### Data supplied
»»

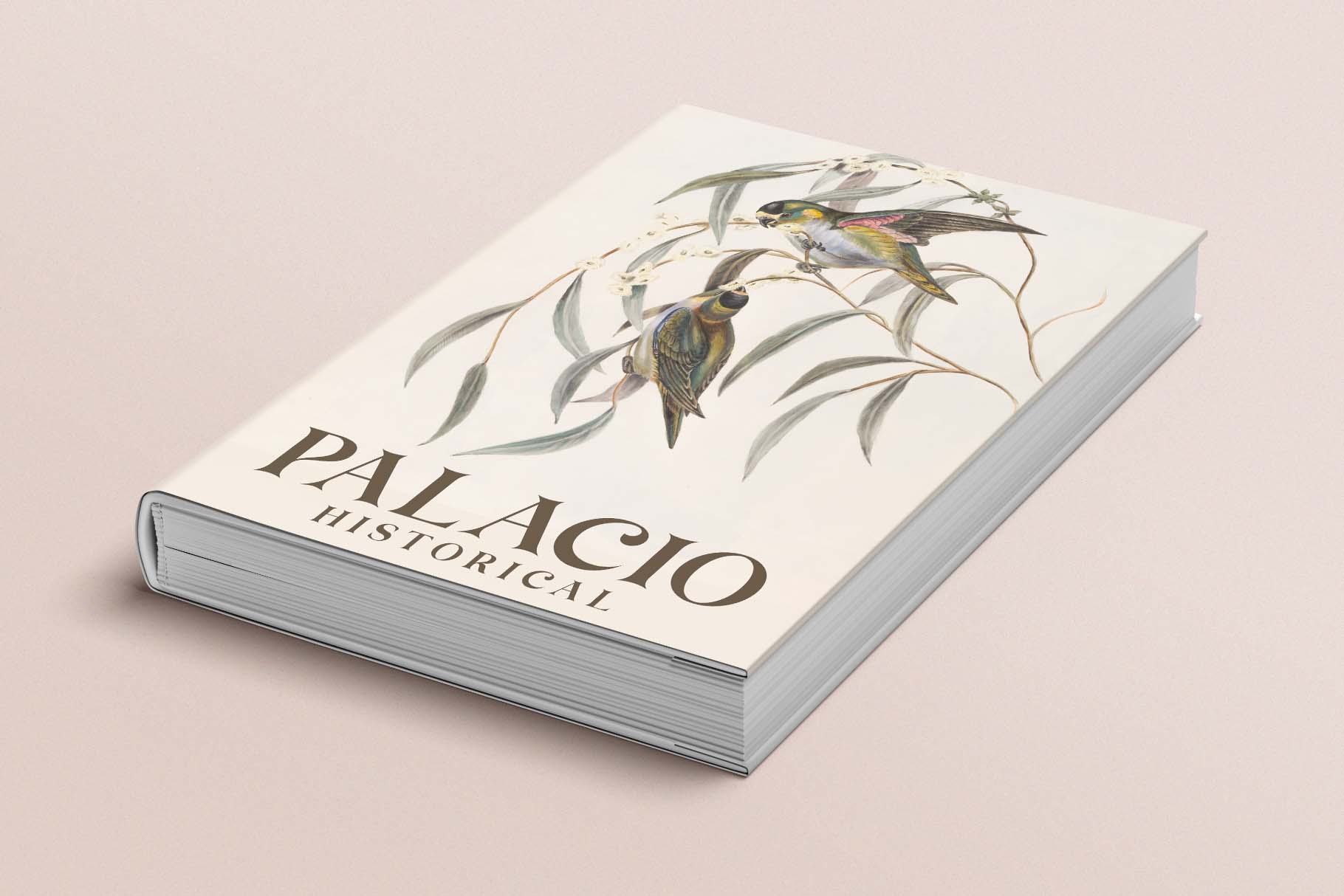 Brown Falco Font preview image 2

««
»»

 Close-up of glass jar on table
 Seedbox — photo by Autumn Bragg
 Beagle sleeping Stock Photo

««

### Required work
Of the entries above, transcribe exactly those lines that fall between the line containing "Seedbox — photo by Autumn Bragg" and the line containing "Beagle sleeping Stock Photo", together with those two lines.

### Exercise output
 Seedbox — photo by Autumn Bragg
 Beagle sleeping Stock Photo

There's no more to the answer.